Question. Given the EXPLAIN ANALYZE output below for a top-revenue-by-region query, narrate the plan from leaves to root, identify the bottleneck node, and propose the one change that will move the needle.
Input. A fact_orders table (12M rows, B-tree on order_date), dim_customers (200k rows, PK on customer_id), filter on order_date >= '2026-04-01' and GROUP BY c.region with a LIMIT 5.
Code.
EXPLAIN ANALYZE
SELECT c.region, SUM(o.amount) AS rev
FROM fact_orders o
JOIN dim_customers c ON c.customer_id = o.customer_id
WHERE o.order_date >= '2026-04-01'
GROUP BY c.region
ORDER BY rev DESC
LIMIT 5;
-- QUERY PLAN
-- Limit (cost=24812.10..24812.12 rows=5 width=18)
-- (actual time=6890.30..6890.31 rows=5 loops=1)

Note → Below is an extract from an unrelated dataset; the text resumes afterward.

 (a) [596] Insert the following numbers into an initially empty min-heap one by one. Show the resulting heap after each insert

-- -> Sort (cost=24812.10..24812.85 rows=300 width=18)
-- (actual time=6890.29..6890.30 rows=5 loops=1)
-- Sort Key: (sum(o.amount)) DESC
-- -> HashAggregate (cost=24800.10..24803.85 rows=300 width=18)
-- (actual time=6889.18..6889.40 rows=300 loops=1)
-- Group Key: c.region
-- -> Hash Join (cost=4012.00..24190.40 rows=121940 width=14)

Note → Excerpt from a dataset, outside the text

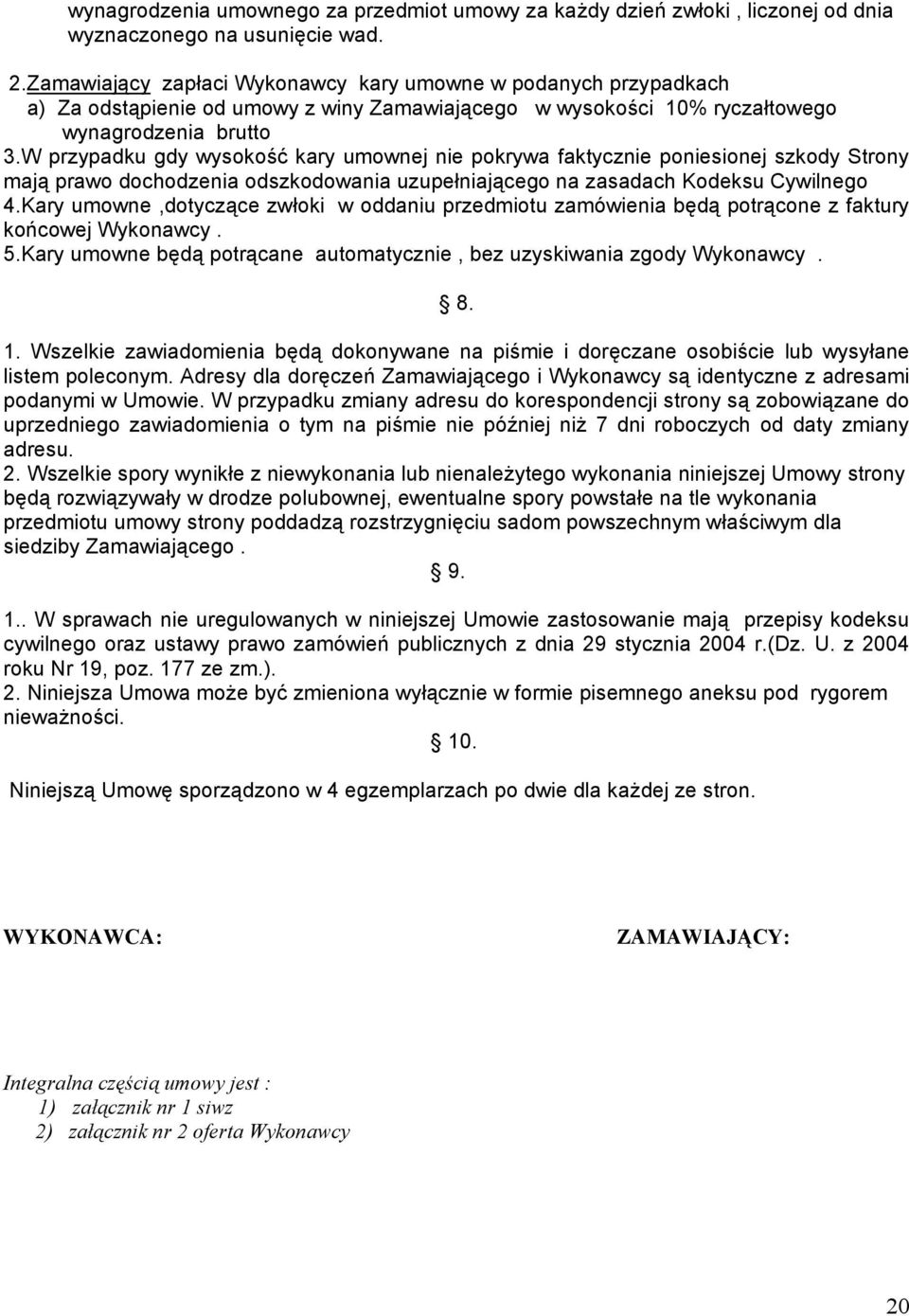 W przypadku gdy wysokość kary umownej nie pokrywa faktycznie poniesionej szkody Strony mają prawo dochodzenia odszkodowania uzupełniającego na zasadach Kodeksu Cywilnego 4.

-- (actual time=85.10..6580.40 rows=123210 loops=1)
-- Hash Cond: (o.customer_id = c.customer_id)
-- -> Index Scan using idx_orders_date on fact_orders o
-- (cost=0.42..19811.20 rows=121940 width=14)

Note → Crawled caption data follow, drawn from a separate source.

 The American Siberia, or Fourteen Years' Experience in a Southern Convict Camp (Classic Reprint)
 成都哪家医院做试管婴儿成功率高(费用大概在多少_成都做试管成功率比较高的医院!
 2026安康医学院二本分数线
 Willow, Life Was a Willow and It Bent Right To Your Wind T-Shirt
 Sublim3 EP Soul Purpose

-- (actual time=0.07..6210.15 rows=123210 loops=1)
-- Index Cond: (order_date >= '2026-04-01')
-- -> Hash (cost=2812.00..2812.00 rows=200000 width=8)
-- -> Seq Scan on dim_customers c
-- (cost=0.00..2812.00 rows=200000 width=8)
-- (actual time=0.01..78.10 rows=200000 loops=1)
Step-by-step explanation.
-
Leaf 1 —
Index Scan using idx_orders_date on fact_orders— the planner used the date index to fetch 123,210 matching rows out of 12M; 6.2s actual time. This is the dominant cost. -
Leaf 2 —
Seq Scan on dim_customers— full scan of 200k rows in 78ms; cheap because the table is small and the entire row set is needed to build the hash side. -
Hashbuild node — builds a hash ondim_customers.customer_id; ~3ms additional cost on top of the seq scan. -
Hash Join— probes the hash with each row fromfact_orders; total actual time is ~6.6s, of which ~6.2s came from the leaf scan; the join itself only adds ~370ms. -
HashAggregate— groups byc.regioninto ~300 buckets; cheap (~1ms) because the hash fits in memory. -
Sort+Limit— sort 300 region totals descending, return top 5; near-zero cost. -
Bottleneck. The
Index Scan on fact_ordersowns 90% of the runtime; the index is being used (good) but it returns 123k rows that all need a heap fetch to readamountandcustomer_id. The fix: turn the date index into a covering index withINCLUDE (customer_id, amount), which lets the planner useIndex Only Scanand skip the 123k heap lookups entirely.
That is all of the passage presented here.